* Assigned task *
Using the records below, copy exactly the part that opens with the line holding "used 2021 Nissan" and closes with the line holding "5 in English", minus the pictures.

* Records *
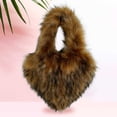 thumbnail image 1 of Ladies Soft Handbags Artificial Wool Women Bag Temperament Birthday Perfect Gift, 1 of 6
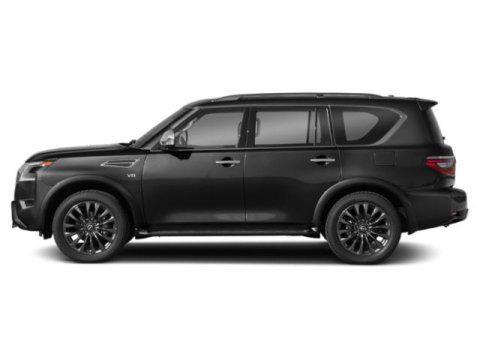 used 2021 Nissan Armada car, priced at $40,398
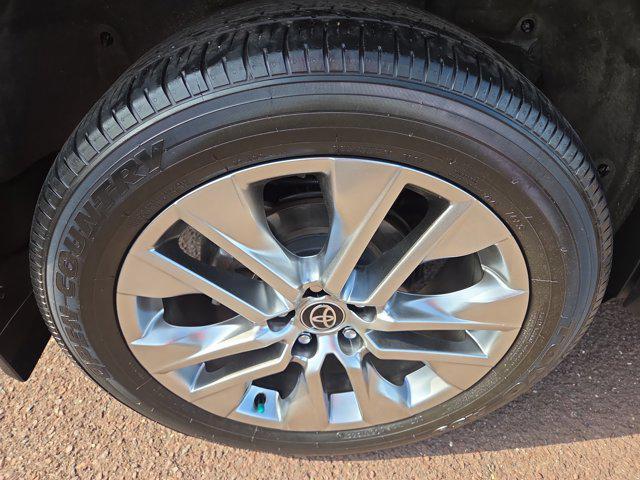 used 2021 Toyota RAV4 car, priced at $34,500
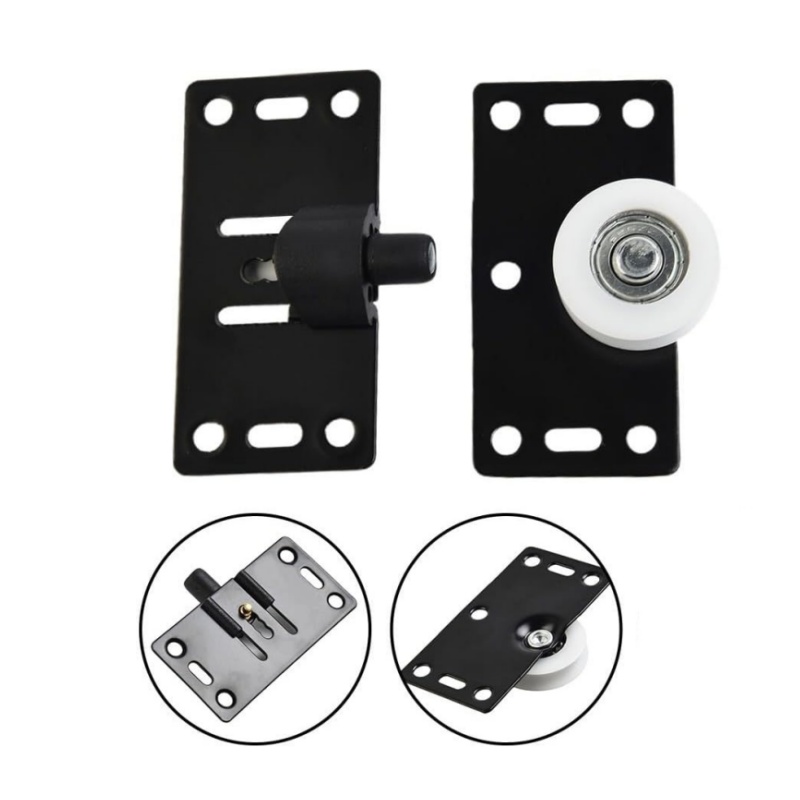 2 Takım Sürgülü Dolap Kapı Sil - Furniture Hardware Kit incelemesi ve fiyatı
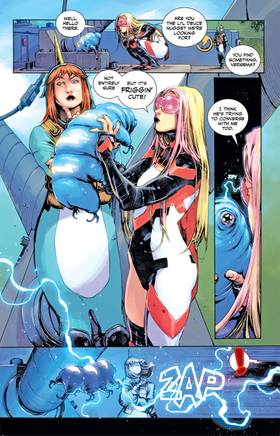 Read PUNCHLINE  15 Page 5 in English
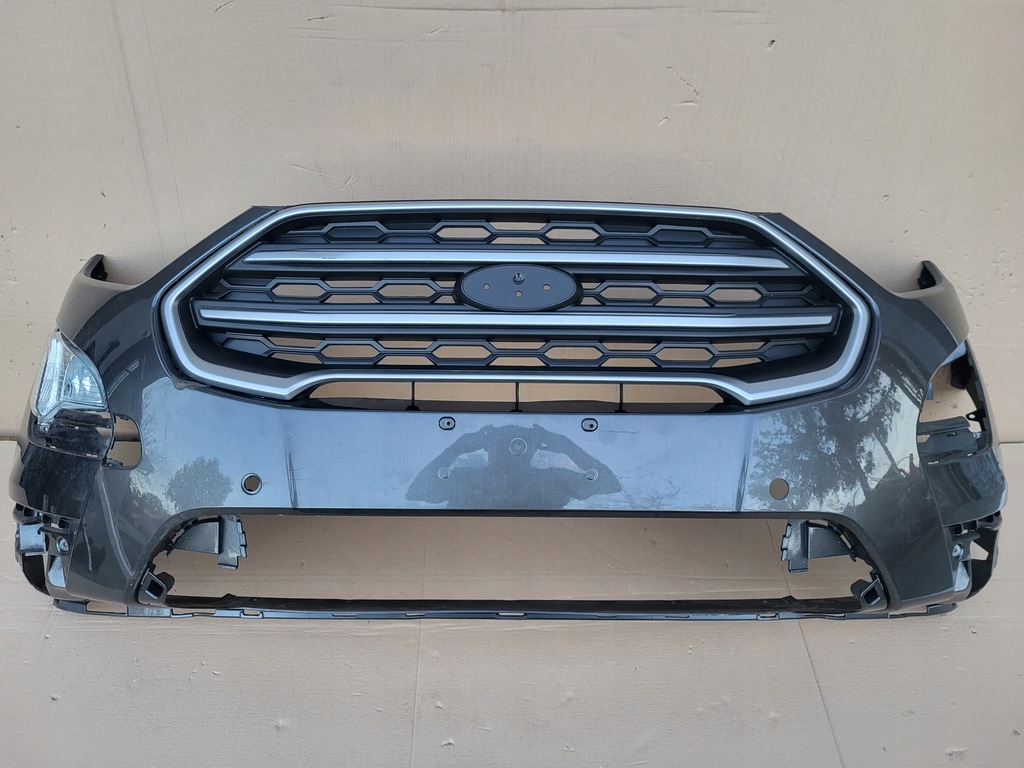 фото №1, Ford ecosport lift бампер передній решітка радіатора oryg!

* Exercise result *
 used 2021 Nissan Armada car, priced at $40,398
 used 2021 Toyota RAV4 car, priced at $34,500
 2 Takım Sürgülü Dolap Kapı Sil - Furniture Hardware Kit incelemesi ve fiyatı
 Read PUNCHLINE  15 Page 5 in English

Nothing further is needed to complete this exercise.